Short text fragments from websites
● ● ●

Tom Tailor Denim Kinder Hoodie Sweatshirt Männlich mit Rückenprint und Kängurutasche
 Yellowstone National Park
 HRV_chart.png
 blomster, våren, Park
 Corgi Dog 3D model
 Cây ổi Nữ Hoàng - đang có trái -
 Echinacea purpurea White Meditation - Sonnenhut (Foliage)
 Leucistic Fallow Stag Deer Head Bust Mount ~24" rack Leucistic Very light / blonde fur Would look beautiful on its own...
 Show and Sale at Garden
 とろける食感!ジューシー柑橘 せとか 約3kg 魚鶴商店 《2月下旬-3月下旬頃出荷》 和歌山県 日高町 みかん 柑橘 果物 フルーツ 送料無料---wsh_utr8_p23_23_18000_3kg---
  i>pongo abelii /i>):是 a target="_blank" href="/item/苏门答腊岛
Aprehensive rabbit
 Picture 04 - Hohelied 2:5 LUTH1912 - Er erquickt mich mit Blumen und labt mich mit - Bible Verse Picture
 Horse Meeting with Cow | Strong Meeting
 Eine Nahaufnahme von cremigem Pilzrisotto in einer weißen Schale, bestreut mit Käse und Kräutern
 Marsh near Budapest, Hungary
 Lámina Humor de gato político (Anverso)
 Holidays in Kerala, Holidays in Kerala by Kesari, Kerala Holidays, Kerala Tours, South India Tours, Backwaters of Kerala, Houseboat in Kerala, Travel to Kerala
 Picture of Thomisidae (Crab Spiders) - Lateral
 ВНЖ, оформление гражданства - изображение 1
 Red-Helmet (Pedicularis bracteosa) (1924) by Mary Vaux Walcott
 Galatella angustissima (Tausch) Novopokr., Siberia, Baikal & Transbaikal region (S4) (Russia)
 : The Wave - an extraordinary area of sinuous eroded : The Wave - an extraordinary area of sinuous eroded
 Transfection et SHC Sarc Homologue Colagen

● ● ●

ASSIGNMENT →
Restate word for word the entries above, starting at the line with "blomster, våren, Park" and ending at the line with "とろける食感!ジューシー柑橘 せとか 約3kg", inclusive, and no others.

ANSWER TO THE EXERCISE →
 blomster, våren, Park
 Corgi Dog 3D model
 Cây ổi Nữ Hoàng - đang có trái -
 Echinacea purpurea White Meditation - Sonnenhut (Foliage)
 Leucistic Fallow Stag Deer Head Bust Mount ~24" rack Leucistic Very light / blonde fur Would look beautiful on its own...
 Show and Sale at Garden
 とろける食感!ジューシー柑橘 せとか 約3kg 魚鶴商店 《2月下旬-3月下旬頃出荷》 和歌山県 日高町 みかん 柑橘 果物 フルーツ 送料無料---wsh_utr8_p23_23_18000_3kg---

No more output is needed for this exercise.